ロシアのウクライナ侵攻が1カ月以上続く中、ドイツとフランスがロシアの外交官を国外追放処分にすることを決定した。リトアニアはロシアの大使を追放し、外交関係を格下げする。ウクライナでは先に、首都キーウ(キエフ)近郊のブチャで多数の民間人の遺体が見つかった。同国のゼレンスキー大統領は現地を視察し、ロシアの行為はジェノサイド(民族大量虐殺)だと糾弾している。
ドイツのベーアボック外相は4日、ロシアの外交官40人をペルソナ・ノン・グラータ(好ましからざる人物)に指定し、5日以内にドイツから出国するよう命じた。同相はブチャの民間人の遺体は「ロシアの指導者たちの信じられない残酷さとウクライナを破壊しようとする意図」を物語っていると述べた。
欧米諸国は侵攻開始からこれまでに、合わせて約150人のロシアの外交官を国外追放処分にしている。ドイツはこうした諸外国の動きに追随しない姿勢を貫いてきたが、ここにきて方針転換をした格好だ。
ドイツ外務省の決定を受け、在独ロシア大使館は、ブチャで民間人の大量虐殺が行われたという報道はウクライナ政府による偽装だとの声明を発表した。インタファクス通信によると、ロシア政府はドイツに対する報復措置を取る構えだ。

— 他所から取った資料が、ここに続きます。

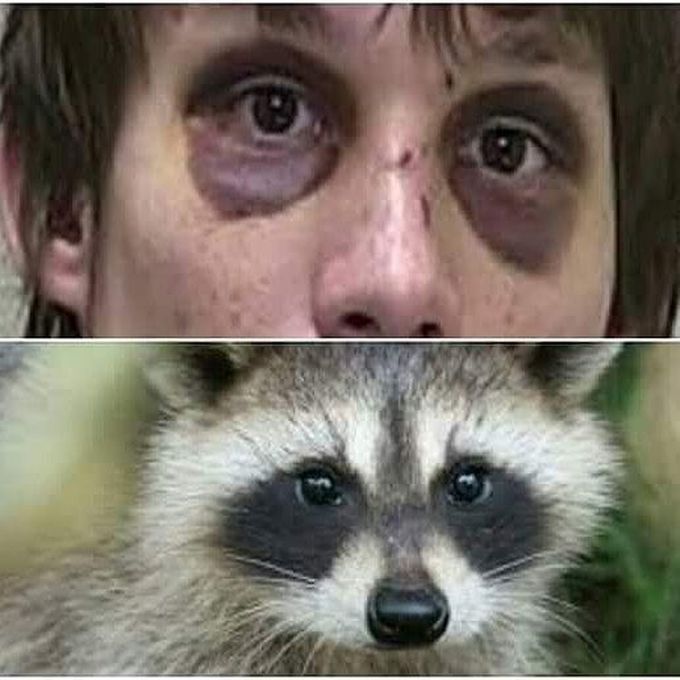 Raccoon eye sign seen in patients with basal skull - MEDizzy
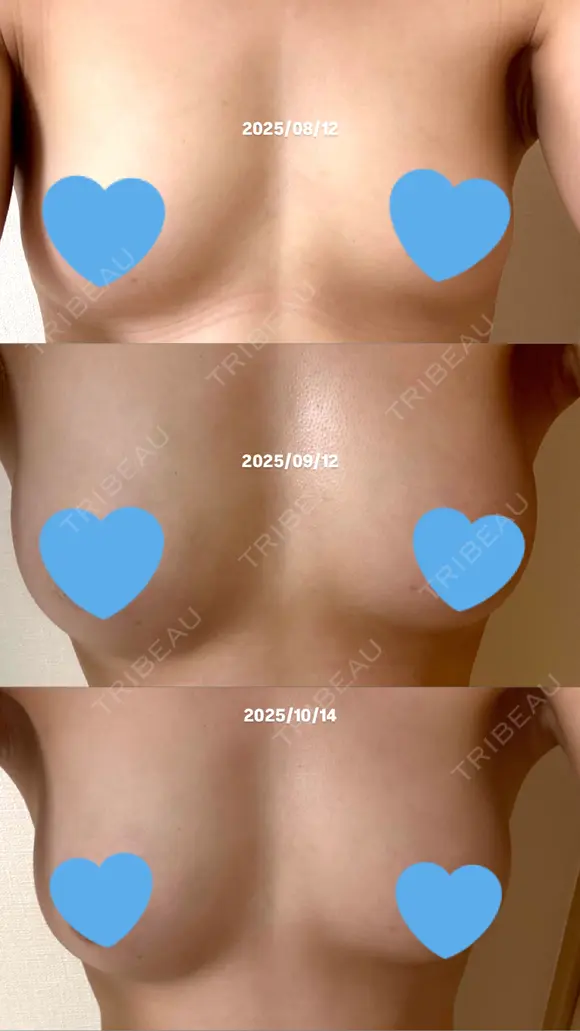 豊胸（脂肪注入） Lipo Clinic omotesando DAY 63 メイン用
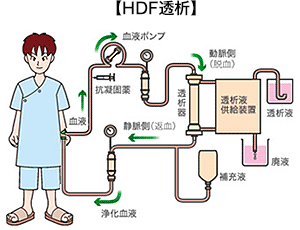 血液透析の方法 医新会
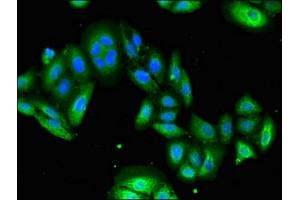 Immunofluorescent analysis of HepG2 cells using ABIN7174352 at dilution of 1:100 and Alexa Fluor 488-congugated AffiniPure Goat Anti-Rabbit IgG(H+L) (USP6 抗体  (C-Term))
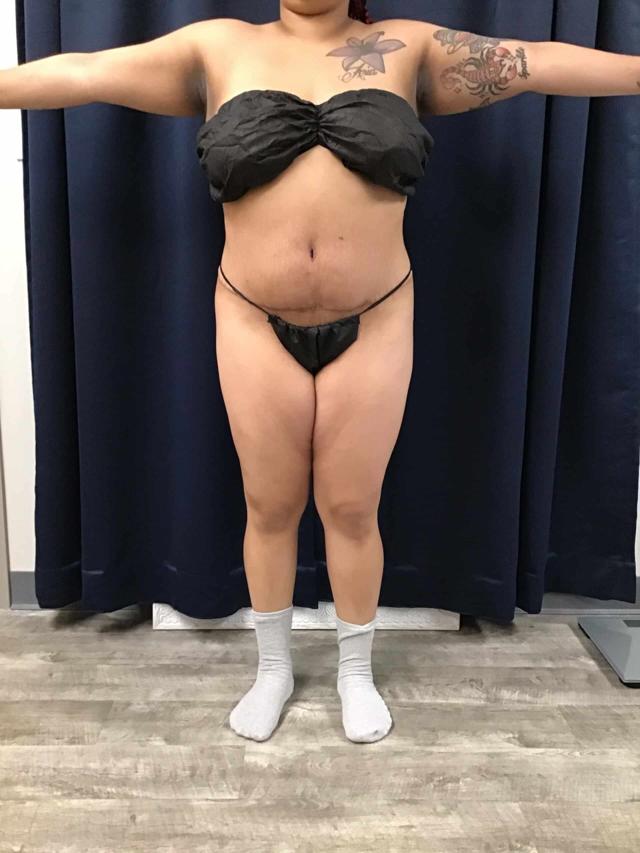 Tummy Tuck after at Zelko Aesthetics in Greenfield, WI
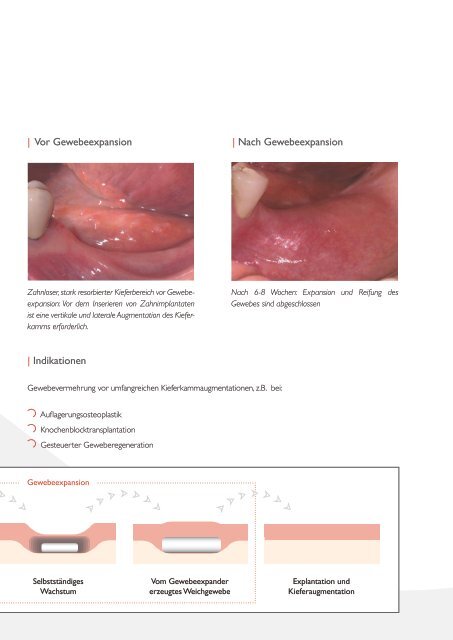 Osmed Brochure dental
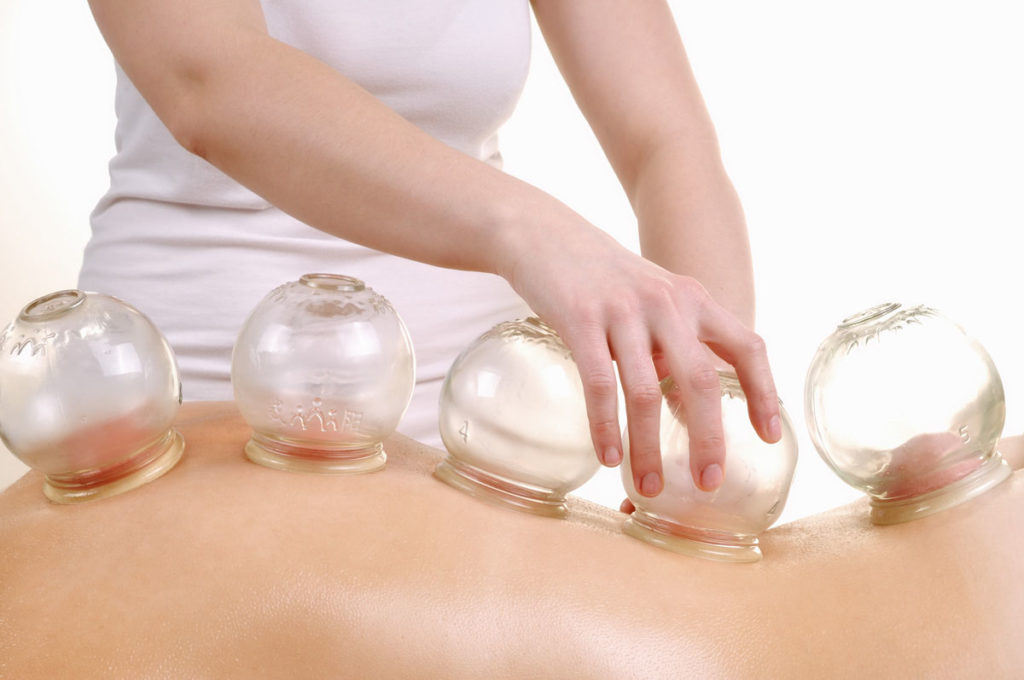 cupping and massage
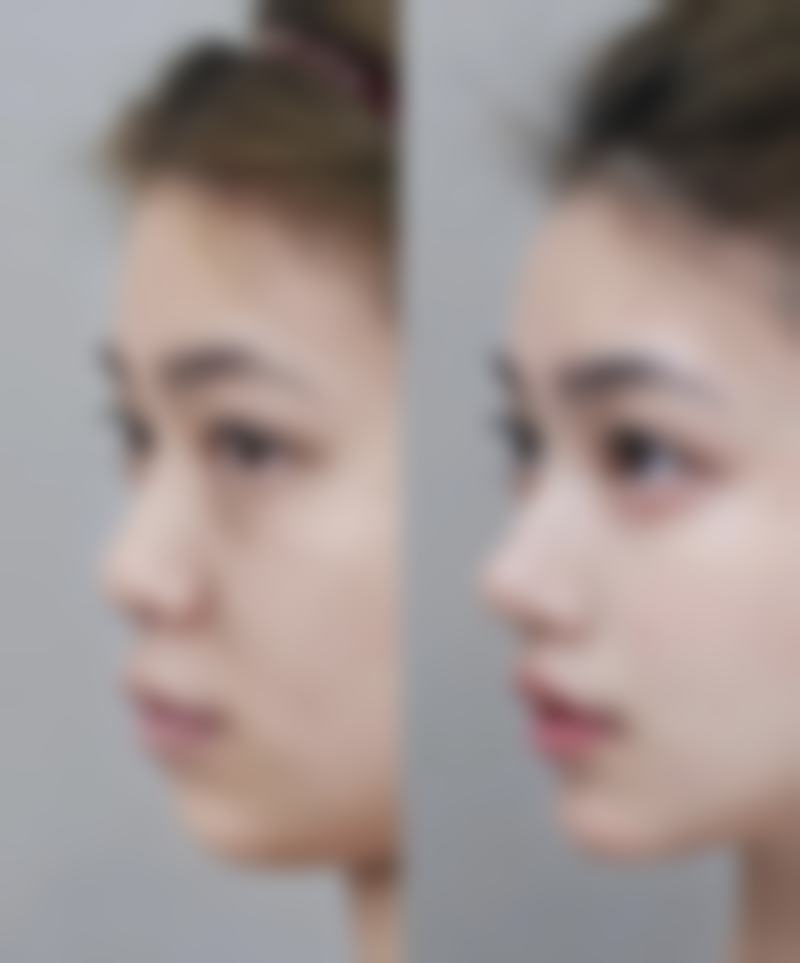 三、医疗机构等级对价格的影响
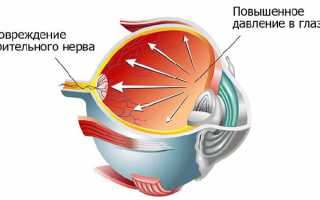 Как делать укол в глаз препаратом Озурдекс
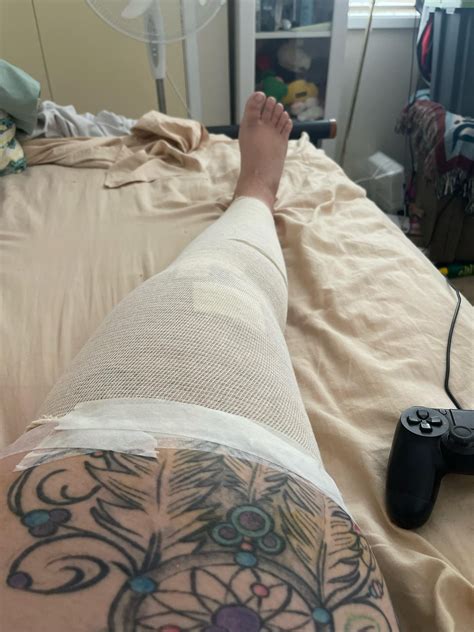 I had surgery on Tuesday- meniscus repair and quad to fix acl. Is it normal to be in this much ...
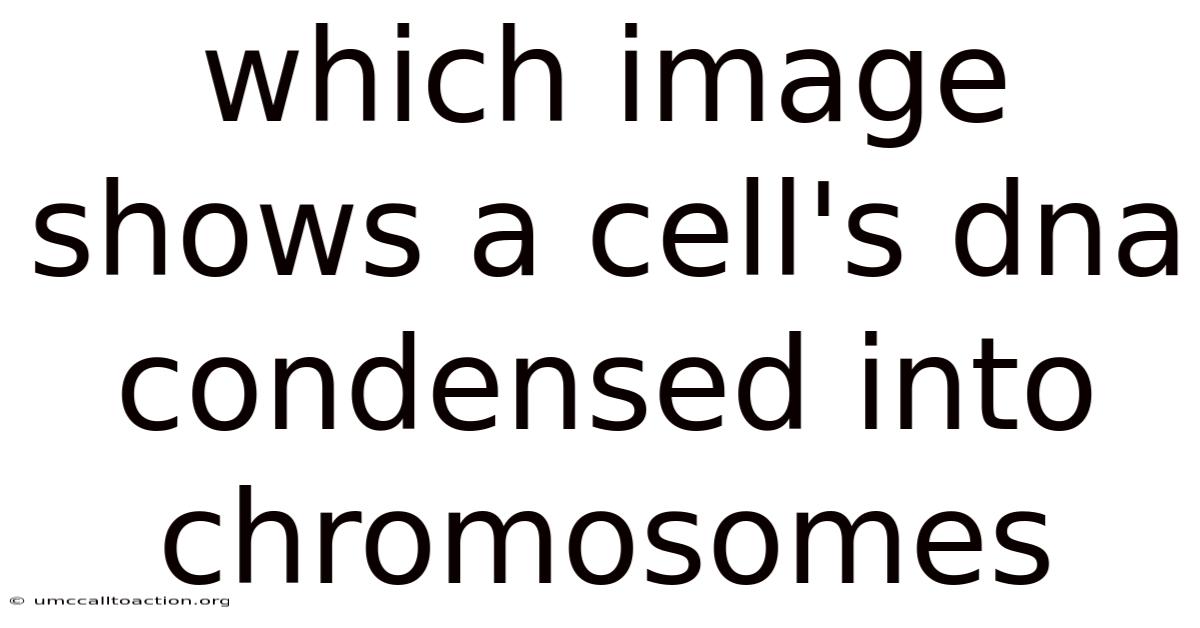 Which Image Shows A Cell's Dna Condensed Into Chromosomes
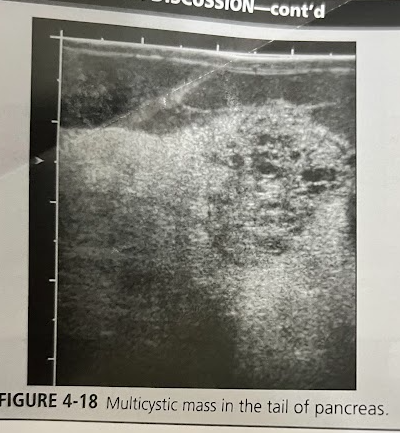 <p>A 50 year old woman undergoes a sonogram for nonspecific abd. pain and a feeling of general malaise. While scanning the upper abd., the sonographer notices a multicystic mass in the tail of the pancreas. The pt denies any hx of smoking or alcohol abuse. Lab tests are unremarkable. A CT scan was performed and confirmed that the multicystic lesion was arising from the pancreas. Discuss the diagnostic possibilities.</p>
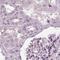 BFSP1 antibody, NBP1-91903, Novus Biologicals, Immunohistochemistry paraffin image 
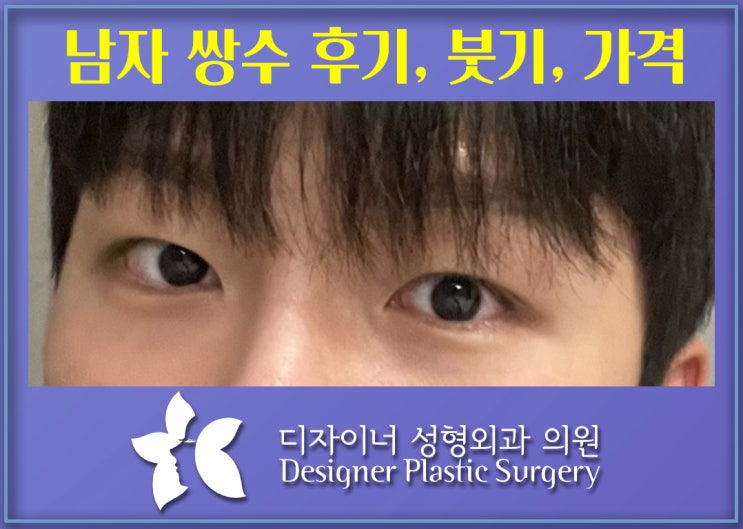  남자 쌍수 후기와 붓기, 가격까지 한눈에!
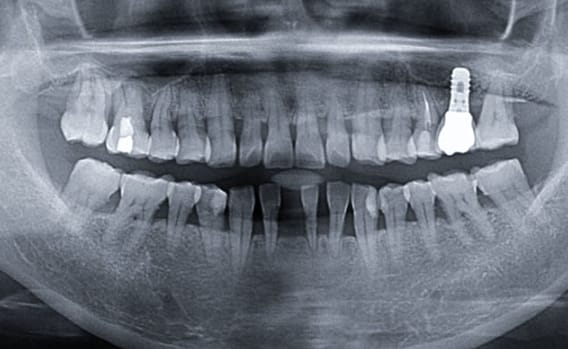 Zhuo Shiyou Implant System Clinical Cases Issue 6 (2).jpg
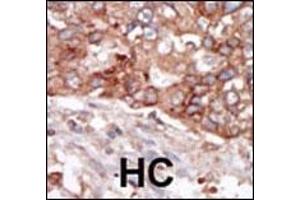 Formalin-fixed and paraffin-embedded human cancer tissue reacted with the primary antibody, which was peroxidase-conjugated to the secondary antibody, followed by AEC staining. (BLK 抗体  (N-Term))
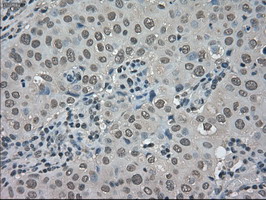 m06479 anti trib2 mouse monoclonal antibody clone id oti8d11 ihc testing 7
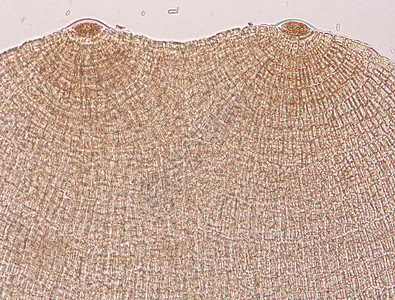 在显微镜100x下海藻的二缺星二分血孔虫竹荪褐藻藻类海水组织水生植物宏观圆形细胞棕色图片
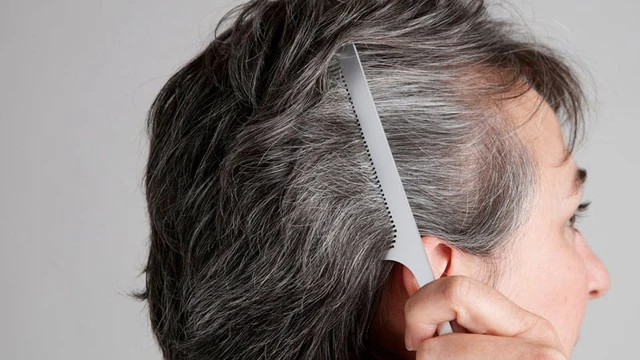 Ngày càng nhiều tóc trắng, có nên nhổ hay không? Sau 35 tuổi, nhất định phải lưu ý 2 điều mới tránh xa nguy cơ tóc bạc sớm - Ảnh 1.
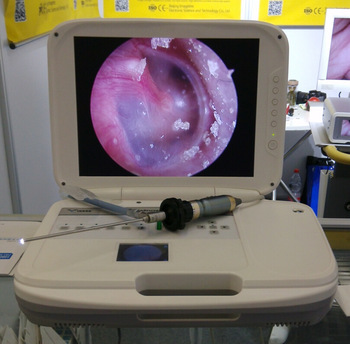 Video otoscopes camera endoscopy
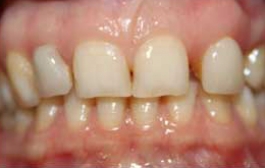 Smile Gallery - Church Road Dental and Cosmetic
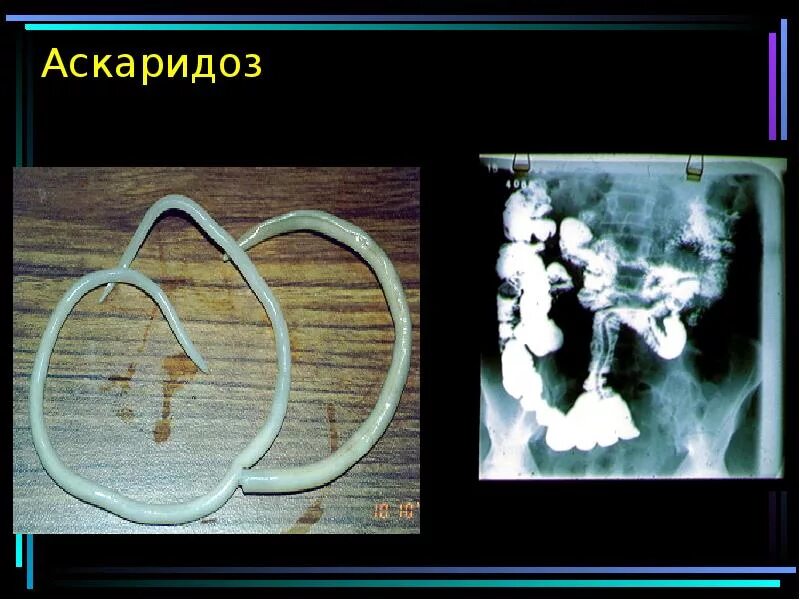 Какой вред могут причинять взрослые аскариды организму. Аскаридоз,анкилостомидоз,некатороз,энтеробиоз. Аскаридоз биогельминтоз. Заболевание аскаридоз. Аскаридоз исследование.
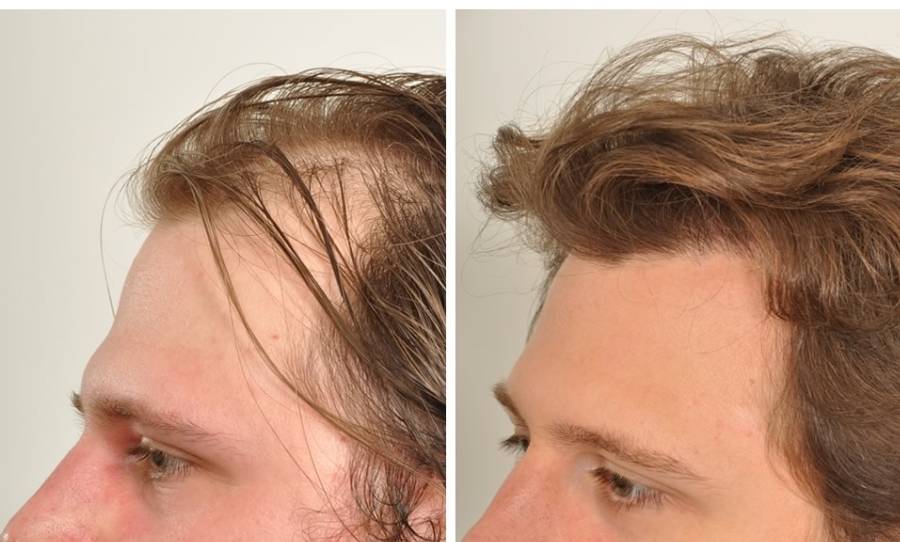 زراعة الشعر قبل وبعد بالصور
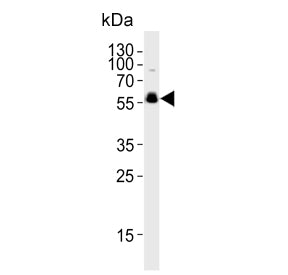 Western blot testing of human brain tissue lysate with Cyclin-dependent kinase 14 antibody. Predicte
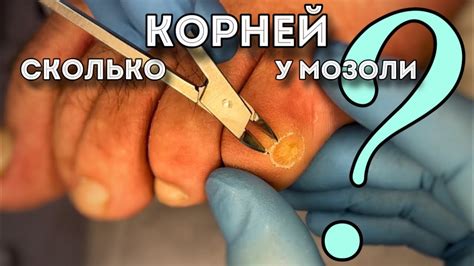 Мозоль на мизинце: эффективные способы лечения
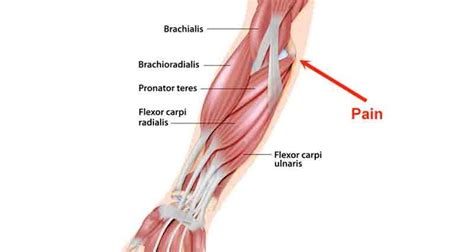 Golfer's Elbow - Symptoms, Causes, Treatment & Rehabilitation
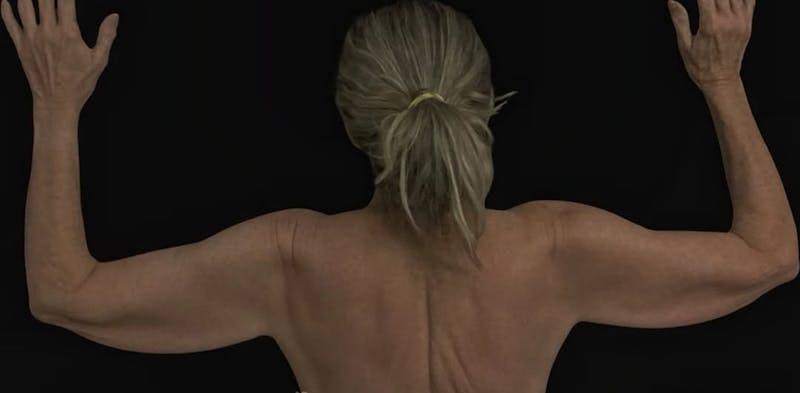 Arm Lift Before & After Gallery - Patient 257134 - Image 1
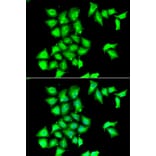 Immunofluorescence - Anti-Methionine Sulfoxid eReductase B Antibody (A9983) - Antibodies.com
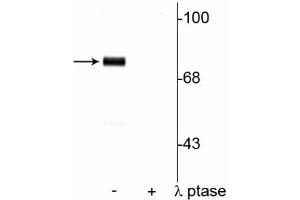 Western blot of rat cortical lysate showing specific immunolabeling of  the ~78 kDa synapsin I phosphorylated at Ser9 in the first lane (-). (SYN1 抗体  (pSer9))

フランス外務省もこの日、ロシアの外交官数人を国外追放すると発表。これらの人物の活動がフランスの安全保障を脅かしているためと説明した。地元テレビ局BFMTVは追放される外交官の数は30人と伝えている。
リトアニア外務省は同日、駐リトアニアのロシア大使を国外追放するとともに、ロシアとの外交関係を格下げすると発表した。リトアニア西部のクライペダ(Klaipeda)にある領事館を閉鎖し、駐ロシアのリトアニア大使を本国に召還する。
5日には、スウェーデンがロシアの外交官3人を、スペインはロシア大使館職員約25人を国外追放すると発表。イタリアは30人、デンマークは15人の追放を決定した。
ウクライナ当局によると、キーウ近郊のブチャやイルピン(Irpin)ではこれまでに合わせて410人の民間人の遺体が発見された。後ろ手に縛られたり、処刑のようにこめかみを撃ち抜かれた遺体や戦車にひかれたとみられる遺体もあるという。